Charlotte's Stephen Jackson reminded reporters that the Knicks hadn't snagged their playoff spot with the win whereas the Associated Press report of the game made certain to mention that the Knicks' win earned them a potentially important split of the season series.
A funny thing happened on the way to the playoffs, though. The wheels came off. The defensive intensity, or at least, defensive activity, that fueled the Knicks' December-into-January hot streak disappeared quicker than those the 2010 glasses in the windows of all the souvenir shops in midtown. By the third week of January both were gone.
The Knicks went on to outpace the Pacers in the race for the ping pong balls. Sort of. After all, the Knicks' lottery pick belongs to the Utah Jazz. The Bobcats never needed to worry about the season series with the Knickerbockers. On the bright side, Crawford has finally lost the ignominious distinction of being the longest-tenured player without a playoff minute.
In a deluge of losses, the 2009-2010 Knicks season concluded. 53 losses. 29 wins. Four players remaining under contract. Space for two max-contract players. Zero picks in the upcoming draft.
So much of sports is numbers and arithmetic. Point totals. Shooting percentages. Two beers per person per trip to the concession stand.
29 wins against 53 losses. Both are prime numbers. The have no factors save themselves and zero. In other words, there aren't a lot of ways to create those two integers. Just like there aren't a lot of ways to end up with a 29-53 record.
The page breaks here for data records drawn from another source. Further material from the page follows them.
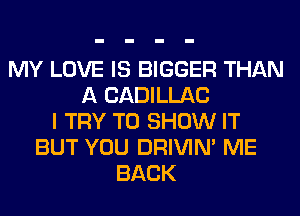 MY LOVE IS BIGGER THAN
A CADILLAC
I TRY TO SHOW IT
BUT YOU DRIVIM ME
BACK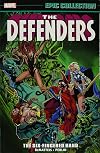 The Defenders Epic Collection: The Six-Fingered Hand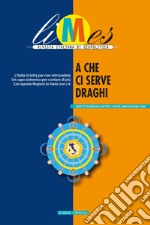 A che ci serve Draghi. E-book. Formato EPUB ebook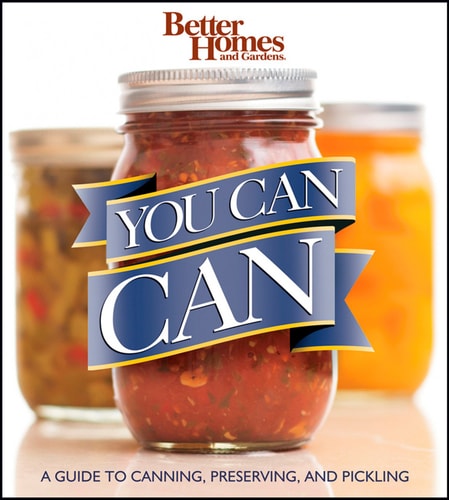 You Can Can! A Visual Step-by-Step Guide to Canning, Preserving, and Pickling, with 100 Recipes
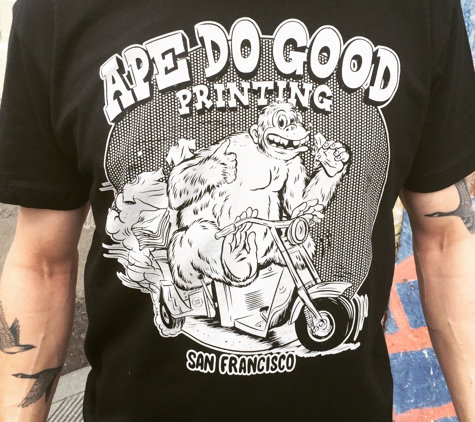 Ape Do Good Screen Printing - San Francisco, CA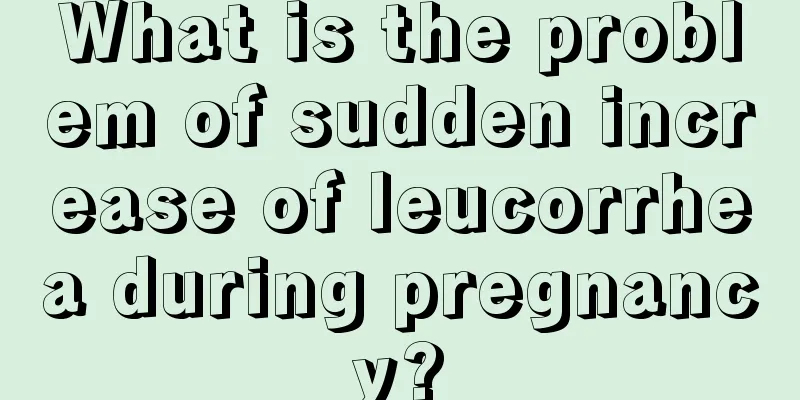 What is the problem of sudden increase of leucorrhea during pregnancy?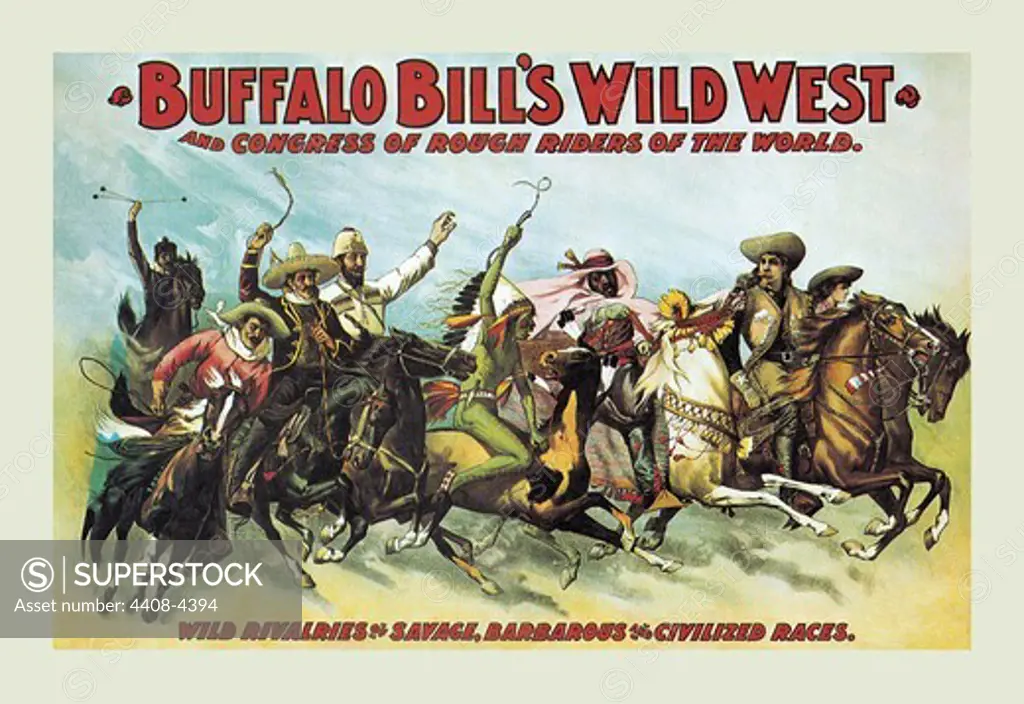 Buffalo Bill: Wild Rivalries of Savage, Barbarous and Civilized Races, Buffalo Bill - Wild West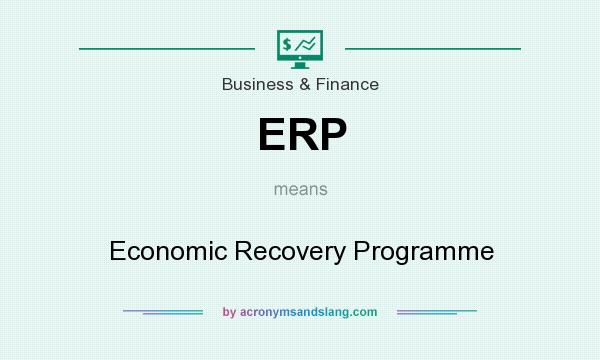 What does ERP mean? It stands for Economic Recovery Programme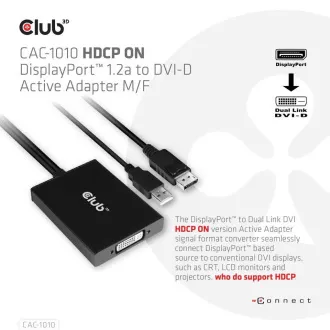 Club3D Adaptér aktivní DisplayPort na Dual Link DVI-D, USB napájení, 60cm, HDCP ON Club3D Adaptér aktivní DisplayPort na Dual Link DVI-D, USB napájení, 60cm, HDCP ON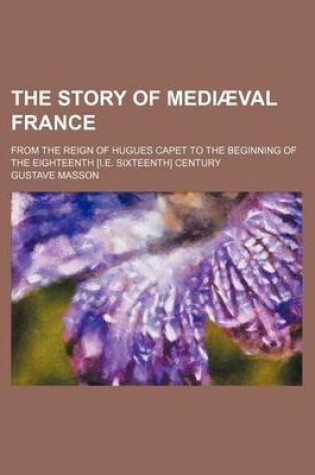 Cover of The Story of Mediaeval France; From the Reign of Hugues Capet to the Beginning of the Eighteenth [I.E. Sixteenth] Century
"Prime numbers are what is left when you have taken all the patterns away," Mark Haddon wrote in The Curious Incident of the Dog in the Night-time. "I think prime numbers are like life. They are very logical but you could never work out the rules, even if you spent all your time thinking about them."
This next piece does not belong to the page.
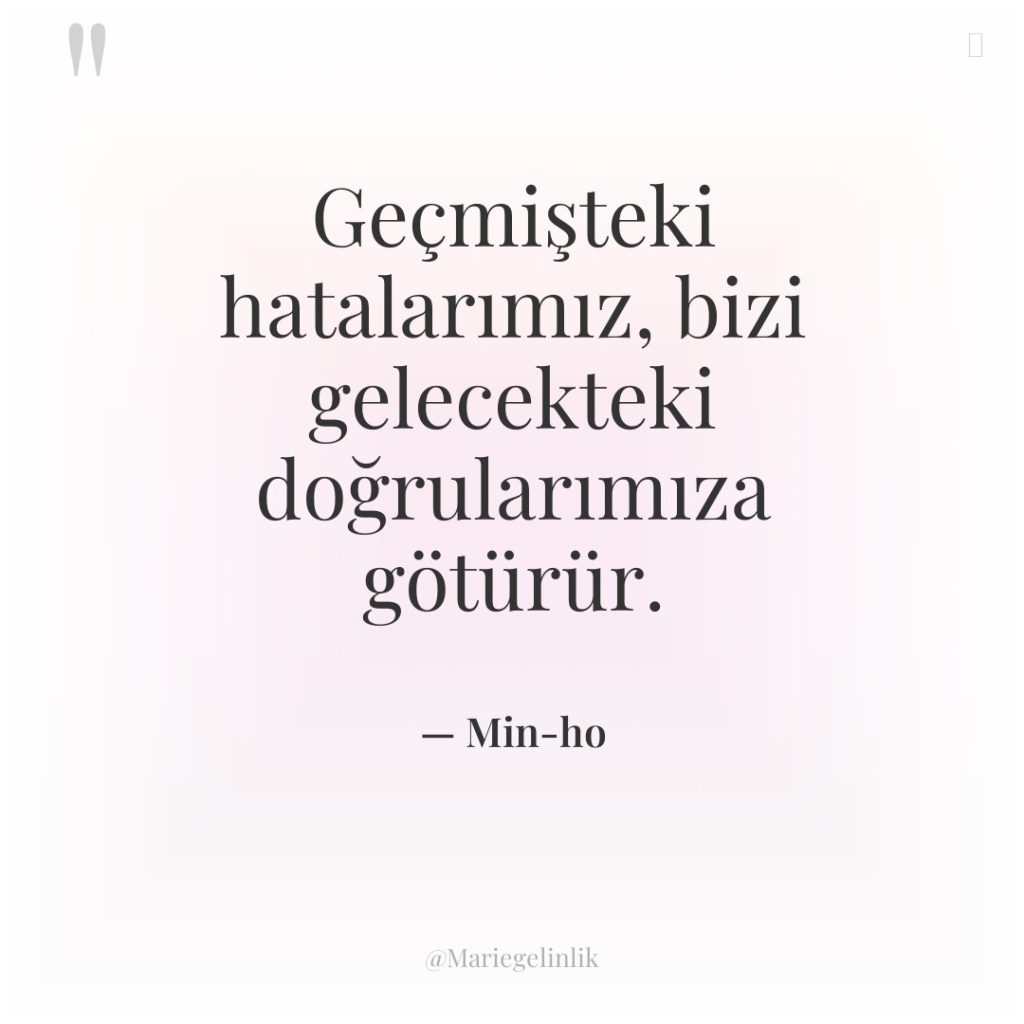 Geçmişteki hatalarımız, bizi gelecekteki doğrularımıza götürür.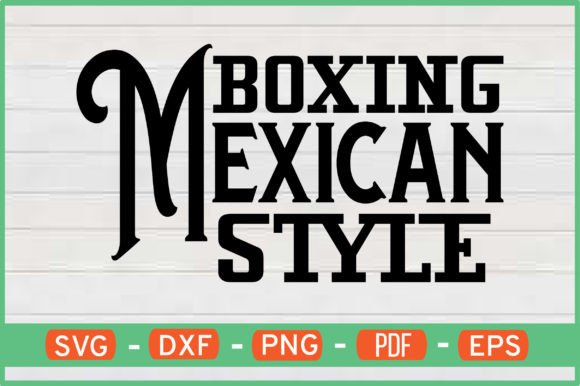 Download BOXING MEXICAN STYLE T-Shirt Designs Svg - Design Collection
True to Haddon's words about prime numbers, this just-wrapped Knicks season, with it's prime numbered wins and losses will never stop seeming logical, perhaps even inevitable. Yet, for me, it may also remain impossible to decipher or reduce to patterns or root causes.
Of course, the team was this bad this season. I mean, that was sort of the plan, I guess, as club president Donnie Walsh made getting under the salary cap heading into this July a higher priority than getting into the playoffs this June. Actually, it may not have been the "plan," but it was the accepted cost of future flexibility. And this was neither a secret nor the wrong thing to do.
When recalling the personnel moves of Isiah Thomas, the way that Lenny Wilkens was shuffled off to a coach's hospice even though he'd wrung a .500 record from this club, the Allan Houston Rule being used to waive Jerome Williams, Mike Sweetney's expanding waistline then 29-53 couldn't seem more matter of fact.
When I think about the Knickerbocker monies being paid to attorneys to refute charges that Eddy Curry sexually assaulted some dude who drove a car for him, the poorly-handled divorce with prodigal son Stephon Marbury, the swapping of Trevor Ariza for Steve Francis, and the underreported theory that Jerome James ate Michael Sweetney then 29-53 couldn't seem more matter of fact.
Of course the Knicks were going to be bad in 2009-2010. There was no other way. No multiple versions of this season that cold have been. No mitigating factors. No alternatives. This was one season indivisible except for by itself. Prime. And time and patience were the only salves.
But then I think about December and those first three wins in January and wonder how did they accrue those 53 losses? What rhyme and/or reason was there to the cavalcade of near-misses and barely-trieds? Why did they win so many games in December only to look so bad in January? Why did this group of players and coaches fail to turn up when they had the most reason to put forth maximum effort? Qyntel Woods and Jackie Butler weren't playing in February. Fred Jones wasn't getting minutes just because the coach knew him from Indiana in March. By then Lee was an All-Star. By then this group had shown themselves capable of contending for a playoff berth.
When faced with these questions, I cannot figure out how this core group of players and coaches couldn't do better in the second half. I can't figure out why they descended into darkness while the Bobcats, Pacers and Milwaukee Bucks all stayed the course in the second half.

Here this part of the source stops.